Word for word, set down every line of the entries below from the line with "Αρωματική Ανθοδέσμη Blue" to the line with "A restaurant with", including both, and no other line.

## MATERIAL FOR THIS TASK
—————

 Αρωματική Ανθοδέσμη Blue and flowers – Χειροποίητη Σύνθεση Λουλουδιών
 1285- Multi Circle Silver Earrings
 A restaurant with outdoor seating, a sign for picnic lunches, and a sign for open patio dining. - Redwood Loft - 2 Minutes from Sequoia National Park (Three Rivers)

—————

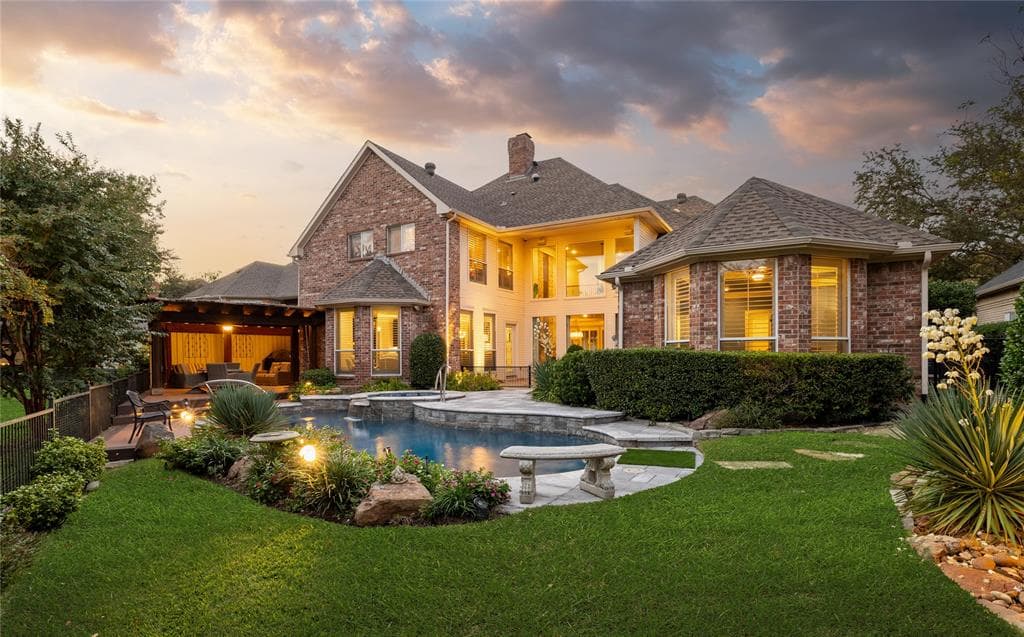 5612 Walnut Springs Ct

—————

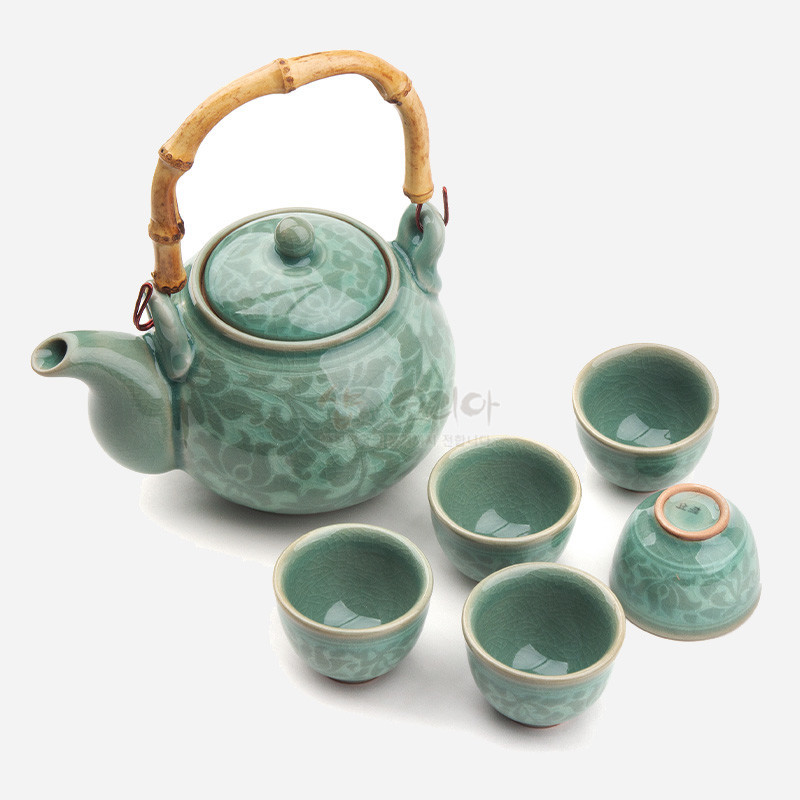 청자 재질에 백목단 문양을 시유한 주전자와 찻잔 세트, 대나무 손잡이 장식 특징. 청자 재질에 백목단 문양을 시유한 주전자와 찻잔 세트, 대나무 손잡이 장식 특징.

—————

## TASK OUTPUT
 Αρωματική Ανθοδέσμη Blue and flowers – Χειροποίητη Σύνθεση Λουλουδιών
 1285- Multi Circle Silver Earrings
 A restaurant with outdoor seating, a sign for picnic lunches, and a sign for open patio dining. - Redwood Loft - 2 Minutes from Sequoia National Park (Three Rivers)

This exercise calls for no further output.